§ **YOUR TASK**:
Repeat the records exactly. Every line must match.

::::::::

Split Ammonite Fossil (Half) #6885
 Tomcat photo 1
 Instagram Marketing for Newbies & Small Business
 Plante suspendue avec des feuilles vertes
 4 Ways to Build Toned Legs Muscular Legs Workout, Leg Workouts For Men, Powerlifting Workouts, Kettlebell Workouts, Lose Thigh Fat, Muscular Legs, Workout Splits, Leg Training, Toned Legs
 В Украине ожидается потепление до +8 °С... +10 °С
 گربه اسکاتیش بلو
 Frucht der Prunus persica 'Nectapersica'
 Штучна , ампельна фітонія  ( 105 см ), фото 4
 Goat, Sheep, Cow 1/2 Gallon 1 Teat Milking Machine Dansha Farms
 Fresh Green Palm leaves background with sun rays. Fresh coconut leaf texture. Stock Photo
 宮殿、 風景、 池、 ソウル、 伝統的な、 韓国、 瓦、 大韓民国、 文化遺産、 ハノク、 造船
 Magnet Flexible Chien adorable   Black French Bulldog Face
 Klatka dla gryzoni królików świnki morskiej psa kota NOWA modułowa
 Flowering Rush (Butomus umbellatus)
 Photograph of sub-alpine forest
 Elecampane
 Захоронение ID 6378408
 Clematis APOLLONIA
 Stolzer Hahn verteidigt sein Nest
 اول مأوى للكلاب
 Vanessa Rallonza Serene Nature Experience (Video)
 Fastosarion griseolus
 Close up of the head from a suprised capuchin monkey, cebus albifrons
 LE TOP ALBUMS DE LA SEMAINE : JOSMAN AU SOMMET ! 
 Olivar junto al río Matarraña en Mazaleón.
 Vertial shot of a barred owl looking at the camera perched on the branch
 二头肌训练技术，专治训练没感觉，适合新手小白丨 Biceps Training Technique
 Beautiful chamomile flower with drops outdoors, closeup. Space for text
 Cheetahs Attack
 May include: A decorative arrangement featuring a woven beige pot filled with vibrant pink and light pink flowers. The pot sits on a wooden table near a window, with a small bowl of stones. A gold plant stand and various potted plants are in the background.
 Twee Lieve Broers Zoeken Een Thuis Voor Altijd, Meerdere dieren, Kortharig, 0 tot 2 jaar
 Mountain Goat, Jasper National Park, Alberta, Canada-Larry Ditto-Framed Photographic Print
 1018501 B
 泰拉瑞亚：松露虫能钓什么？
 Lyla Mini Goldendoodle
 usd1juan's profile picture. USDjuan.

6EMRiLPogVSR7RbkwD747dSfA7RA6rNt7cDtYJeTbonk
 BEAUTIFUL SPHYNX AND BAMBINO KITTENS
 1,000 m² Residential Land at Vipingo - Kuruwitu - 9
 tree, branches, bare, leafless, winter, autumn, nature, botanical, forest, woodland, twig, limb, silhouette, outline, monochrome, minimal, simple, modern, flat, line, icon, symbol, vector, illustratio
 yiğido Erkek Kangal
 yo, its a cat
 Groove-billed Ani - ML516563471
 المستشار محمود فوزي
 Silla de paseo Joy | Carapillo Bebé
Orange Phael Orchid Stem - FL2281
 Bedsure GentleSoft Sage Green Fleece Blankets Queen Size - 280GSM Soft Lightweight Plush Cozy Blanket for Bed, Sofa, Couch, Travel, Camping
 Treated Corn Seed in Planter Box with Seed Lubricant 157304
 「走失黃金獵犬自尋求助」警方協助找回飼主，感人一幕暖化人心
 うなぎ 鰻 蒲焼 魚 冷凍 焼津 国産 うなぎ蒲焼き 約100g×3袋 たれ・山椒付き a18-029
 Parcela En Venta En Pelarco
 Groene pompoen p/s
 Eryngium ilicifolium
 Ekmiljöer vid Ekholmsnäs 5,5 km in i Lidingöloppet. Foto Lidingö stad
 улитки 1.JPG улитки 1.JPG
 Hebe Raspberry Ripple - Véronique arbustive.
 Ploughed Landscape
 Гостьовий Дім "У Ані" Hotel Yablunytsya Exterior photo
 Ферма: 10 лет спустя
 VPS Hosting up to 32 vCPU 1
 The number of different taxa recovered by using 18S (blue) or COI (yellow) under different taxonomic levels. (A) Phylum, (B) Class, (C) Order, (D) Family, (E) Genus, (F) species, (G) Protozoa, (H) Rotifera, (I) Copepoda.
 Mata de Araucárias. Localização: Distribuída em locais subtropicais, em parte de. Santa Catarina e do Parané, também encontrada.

::::::::

§ **YOUR SOLUTION**:
Split Ammonite Fossil (Half) #6885
 Tomcat photo 1
 Instagram Marketing for Newbies & Small Business
 Plante suspendue avec des feuilles vertes
 4 Ways to Build Toned Legs Muscular Legs Workout, Leg Workouts For Men, Powerlifting Workouts, Kettlebell Workouts, Lose Thigh Fat, Muscular Legs, Workout Splits, Leg Training, Toned Legs
 В Украине ожидается потепление до +8 °С... +10 °С
 گربه اسکاتیش بلو
 Frucht der Prunus persica 'Nectapersica'
 Штучна , ампельна фітонія  ( 105 см ), фото 4
 Goat, Sheep, Cow 1/2 Gallon 1 Teat Milking Machine Dansha Farms
 Fresh Green Palm leaves background with sun rays. Fresh coconut leaf texture. Stock Photo
 宮殿、 風景、 池、 ソウル、 伝統的な、 韓国、 瓦、 大韓民国、 文化遺産、 ハノク、 造船
 Magnet Flexible Chien adorable   Black French Bulldog Face
 Klatka dla gryzoni królików świnki morskiej psa kota NOWA modułowa
 Flowering Rush (Butomus umbellatus)
 Photograph of sub-alpine forest
 Elecampane
 Захоронение ID 6378408
 Clematis APOLLONIA
 Stolzer Hahn verteidigt sein Nest
 اول مأوى للكلاب
 Vanessa Rallonza Serene Nature Experience (Video)
 Fastosarion griseolus
 Close up of the head from a suprised capuchin monkey, cebus albifrons
 LE TOP ALBUMS DE LA SEMAINE : JOSMAN AU SOMMET ! 
 Olivar junto al río Matarraña en Mazaleón.
 Vertial shot of a barred owl looking at the camera perched on the branch
 二头肌训练技术，专治训练没感觉，适合新手小白丨 Biceps Training Technique
 Beautiful chamomile flower with drops outdoors, closeup. Space for text
 Cheetahs Attack
 May include: A decorative arrangement featuring a woven beige pot filled with vibrant pink and light pink flowers. The pot sits on a wooden table near a window, with a small bowl of stones. A gold plant stand and various potted plants are in the background.
 Twee Lieve Broers Zoeken Een Thuis Voor Altijd, Meerdere dieren, Kortharig, 0 tot 2 jaar
 Mountain Goat, Jasper National Park, Alberta, Canada-Larry Ditto-Framed Photographic Print
 1018501 B
 泰拉瑞亚：松露虫能钓什么？
 Lyla Mini Goldendoodle
 usd1juan's profile picture. USDjuan.

6EMRiLPogVSR7RbkwD747dSfA7RA6rNt7cDtYJeTbonk
 BEAUTIFUL SPHYNX AND BAMBINO KITTENS
 1,000 m² Residential Land at Vipingo - Kuruwitu - 9
 tree, branches, bare, leafless, winter, autumn, nature, botanical, forest, woodland, twig, limb, silhouette, outline, monochrome, minimal, simple, modern, flat, line, icon, symbol, vector, illustratio
 yiğido Erkek Kangal
 yo, its a cat
 Groove-billed Ani - ML516563471
 المستشار محمود فوزي
 Silla de paseo Joy | Carapillo Bebé
Orange Phael Orchid Stem - FL2281
 Bedsure GentleSoft Sage Green Fleece Blankets Queen Size - 280GSM Soft Lightweight Plush Cozy Blanket for Bed, Sofa, Couch, Travel, Camping
 Treated Corn Seed in Planter Box with Seed Lubricant 157304
 「走失黃金獵犬自尋求助」警方協助找回飼主，感人一幕暖化人心
 うなぎ 鰻 蒲焼 魚 冷凍 焼津 国産 うなぎ蒲焼き 約100g×3袋 たれ・山椒付き a18-029
 Parcela En Venta En Pelarco
 Groene pompoen p/s
 Eryngium ilicifolium
 Ekmiljöer vid Ekholmsnäs 5,5 km in i Lidingöloppet. Foto Lidingö stad
 улитки 1.JPG улитки 1.JPG
 Hebe Raspberry Ripple - Véronique arbustive.
 Ploughed Landscape
 Гостьовий Дім "У Ані" Hotel Yablunytsya Exterior photo
 Ферма: 10 лет спустя
 VPS Hosting up to 32 vCPU 1
 The number of different taxa recovered by using 18S (blue) or COI (yellow) under different taxonomic levels. (A) Phylum, (B) Class, (C) Order, (D) Family, (E) Genus, (F) species, (G) Protozoa, (H) Rotifera, (I) Copepoda.
 Mata de Araucárias. Localização: Distribuída em locais subtropicais, em parte de. Santa Catarina e do Parané, também encontrada.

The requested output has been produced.